Task details: Below is a listing; transcribe it exactly but without any images.

Given data:
%%
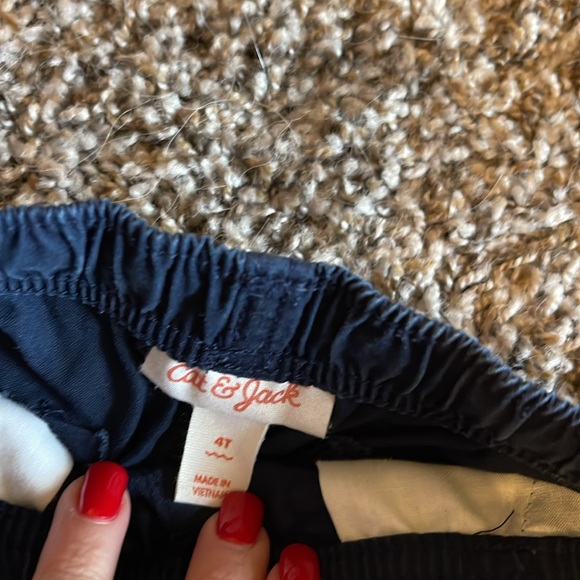 4T cat and Jack shorts - Picture 2 of 3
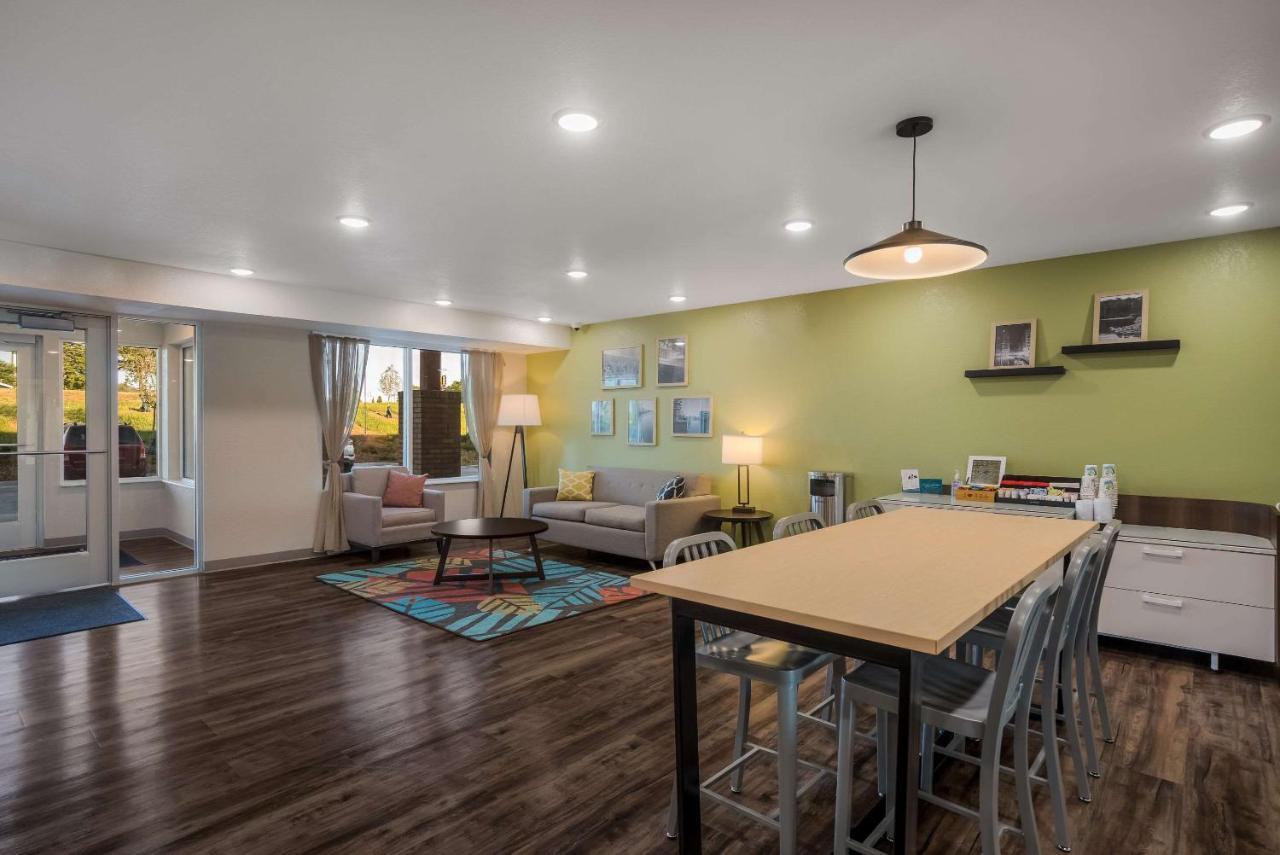 Woodspring - Menomonee Falls *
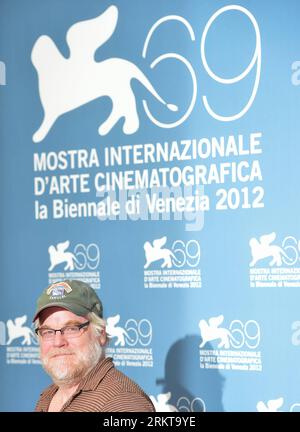 Bildnummer: 58415176  Datum: 01.09.2012  Copyright: imago/Xinhua (120901) -- VENICE, Sept. 1, 2012 (Xinhua) -- Actor Philip Seymour Hoffman poses for photos at the photocall of The Master at the 69th Venice International Film Festival in Venice, Italy, Sept. 1, 2012. (Xinhua/Wang Qingqin) (jl) ITALY-VENICE-FILM FESTIVAL- THE MASTER PUBLICATIONxNOTxINxCHN Kultur Entertainment People Film 69. Internationale Filmfestspiele Venedig Photocall x0x xgw 2012 hoch premiumd      58415176 Date 01 09 2012 Copyright Imago XINHUA  Venice Sept 1 2012 XINHUA Actor Philip Seymour Hoffman Poses for Photos AT Th Stock Photo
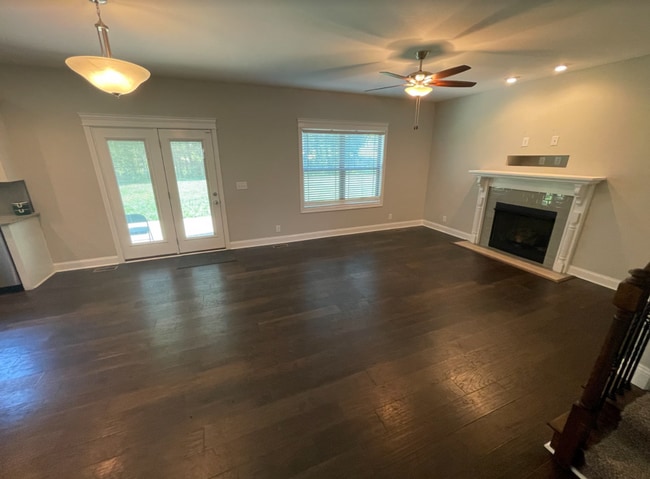 Building Photo - 301 Hemp Ct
%%
Response below:
 4T cat and Jack shorts - Picture 2 of 3
 Woodspring - Menomonee Falls *
 Bildnummer: 58415176  Datum: 01.09.2012  Copyright: imago/Xinhua (120901) -- VENICE, Sept. 1, 2012 (Xinhua) -- Actor Philip Seymour Hoffman poses for photos at the photocall of The Master at the 69th Venice International Film Festival in Venice, Italy, Sept. 1, 2012. (Xinhua/Wang Qingqin) (jl) ITALY-VENICE-FILM FESTIVAL- THE MASTER PUBLICATIONxNOTxINxCHN Kultur Entertainment People Film 69. Internationale Filmfestspiele Venedig Photocall x0x xgw 2012 hoch premiumd      58415176 Date 01 09 2012 Copyright Imago XINHUA  Venice Sept 1 2012 XINHUA Actor Philip Seymour Hoffman Poses for Photos AT Th Stock Photo
 Building Photo - 301 Hemp Ct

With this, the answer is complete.